Since its inception, Roam raised a total of about $ 16 million in three rounds. The last round represents three times on the side of Rabua. In September 2023, she raised roaming $ 1.25 million in the pre -seed tour Leading Rabua when he was in the Founders’ Fund. Wu, CEO Culdesac Ryan Johnson, and his founding partner Jana Messerschmidt in the tour.
Then in May 2024, raised A seed tour of $ 3 million Little Rabua, while he is still in the Founders’ Fund. Among the other investors on that tour are the founder of Doordash Tony Show, Figma Dylan Field, and founder of UPSTART Paul Gu. The start starting does not reveal the evaluation.
How to work
Historically, according to Singh, if buyers search Zillow from the supposed real estate loans in a city like Houston, they will be possible to find minimal or non -existent results.
He said: “A very few sellers or listing agents know that they have a supposed mortgage, so they do not think about announcing it.” With ROAM, it claims that buyers can find more than 2000 supposed real estate loans in Houston alone listed for sale today.

Even if the buyers realize that the seller has a supposed loan, obtaining approval on an assumption may take up to 45 days, according to Sing.
He said: “The falls were not to agree to them very painful for the seller because they would have to re -include the house, and this made the listing agents skeptical of accepting the supposed offers.” “With roaming, buyers can obtain prior approval before submitting an offer, which greatly increased the rate of acceptance of offers by the roaming buyers.”

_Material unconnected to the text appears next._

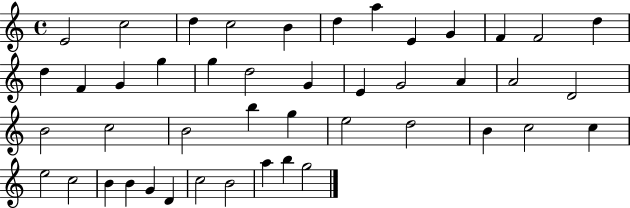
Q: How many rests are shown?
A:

Singh also claims that roaming speeds up the owner of the home.
“Without roaming, it takes 180 days to close the supposed mortgage,” he said. “With roaming, it’s 45 days.” And if the roaming is not closed in 45 days? The mortgage will pay the seller until it occurs.
The company is also working to ensure that all sellers are launched from responsibility, and any subsequent payments by the buyer or not doing will not affect the seller’s credit.
Nowadays, Roam has 12 employees. Singh said that an emerging company aims to not develop the number of employees in line with-where the employees increased by about 2.5X on an annual basis compared to the increase in revenues by about 5 times on an annual basis.
“We have found that the product allows the growth of revenues without increasing the linear costs.”
The opportunity there, Singh believes.
“1.4 trillion dollars of mortgages, which is not supposed to be fully supposed, originated in 2020 and 2021,” he said. Documents From the Consumer Financial Protection Office (CFPB). “It was one of the three homes that arose or re -financing during those low years qualified to get the opportunity.”